[Start of section]

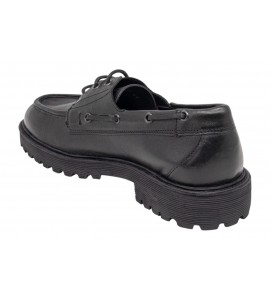 ANTICA CUOIERIA MOCASSINO 23173-W-VR8 WAX NERO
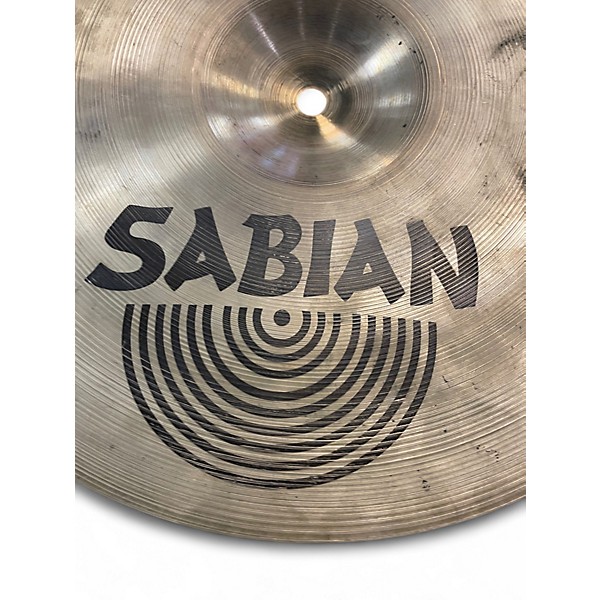 Used SABIAN 14in AAX Series Dark Crash Cymbal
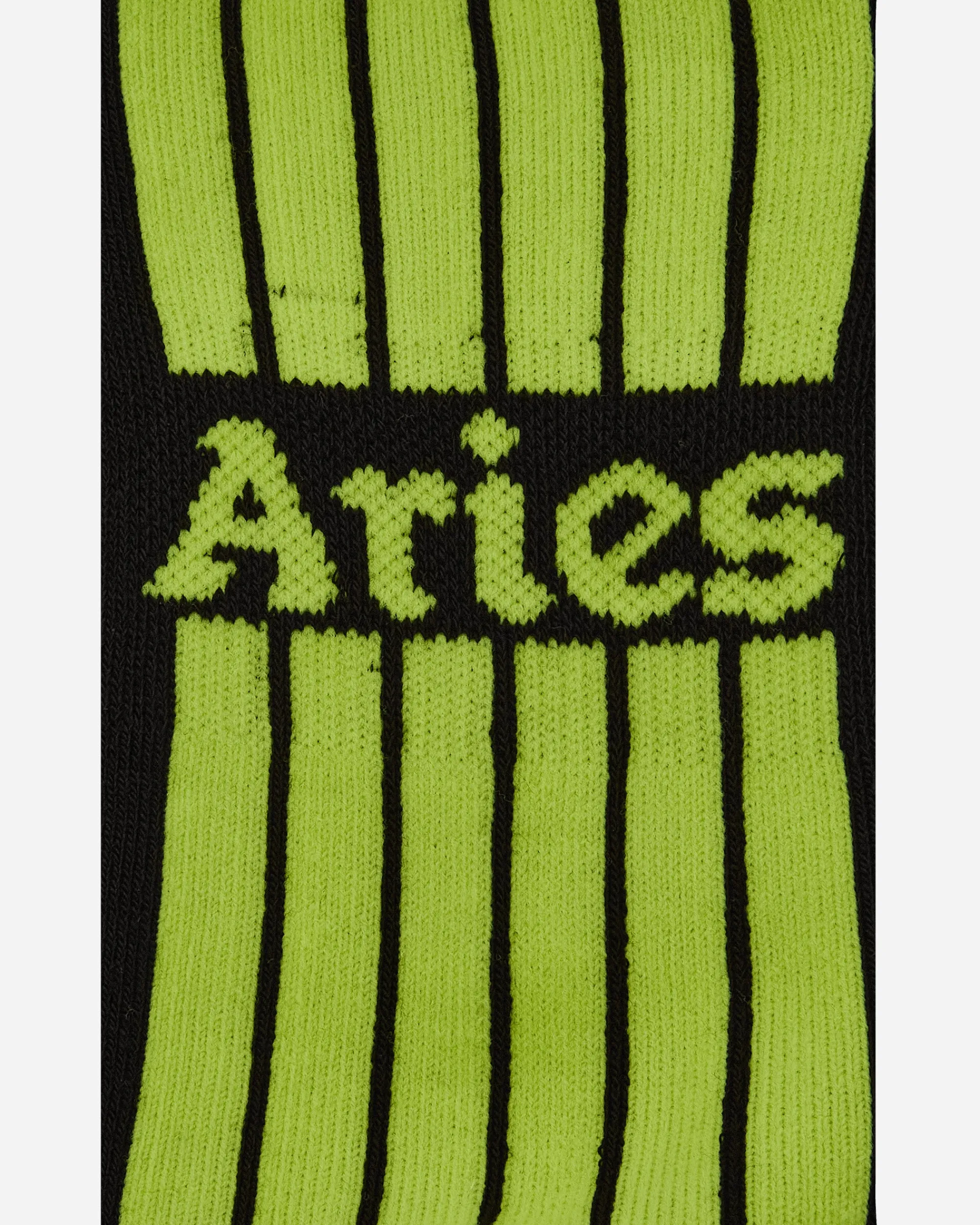Aries Underwear^Eye Socks Black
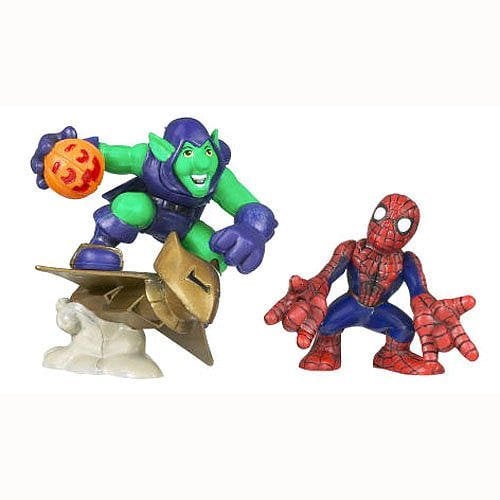 Marvel Super Hero Squad - Green Goblin vs. Spider-Man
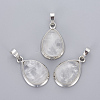 Natural & Synthetic Mixed Stone Pendants G-L512-C-2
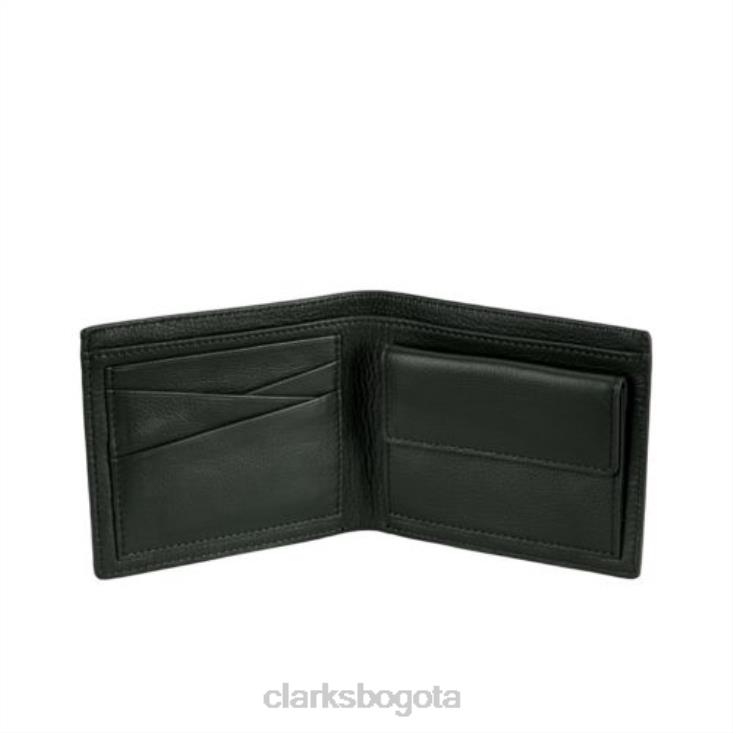 Clarks 0DX8L4303 torre xander clarks cuero negro unisexo cuero negro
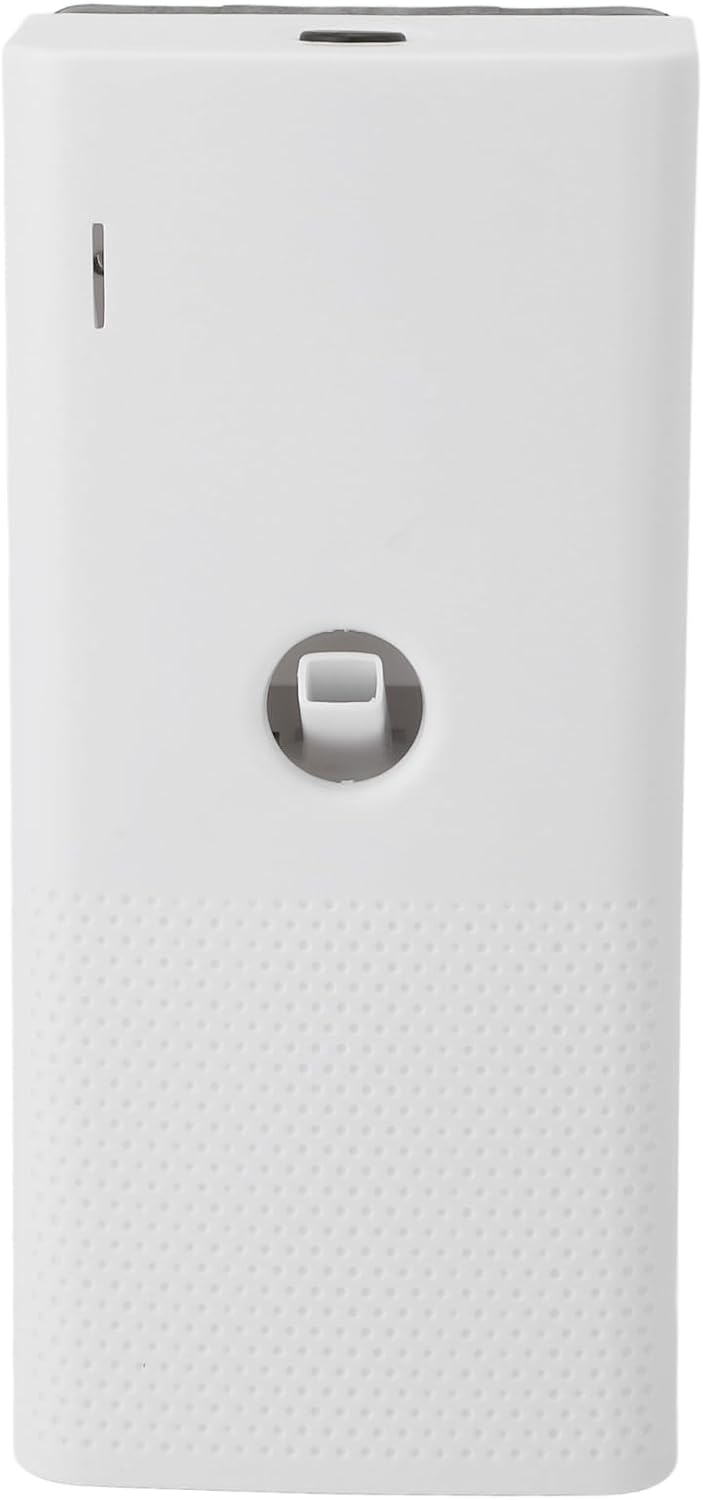 AUNMAS Waterless Essential Oil Scent Diffuser Aromatherapy Scent Air Machine with Timer Function for Home Bedroom Office Hotel Bathroom (White)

[End of section]

*Work instruction:*
Find the line containing "Aries Underwear^Eye Socks Black" in the records above and restate it, and each line after it through the end, word for word, dropping the pictures.

*Solved problem:*
Aries Underwear^Eye Socks Black
 Marvel Super Hero Squad - Green Goblin vs. Spider-Man
 Natural & Synthetic Mixed Stone Pendants G-L512-C-2
 Clarks 0DX8L4303 torre xander clarks cuero negro unisexo cuero negro
 AUNMAS Waterless Essential Oil Scent Diffuser Aromatherapy Scent Air Machine with Timer Function for Home Bedroom Office Hotel Bathroom (White)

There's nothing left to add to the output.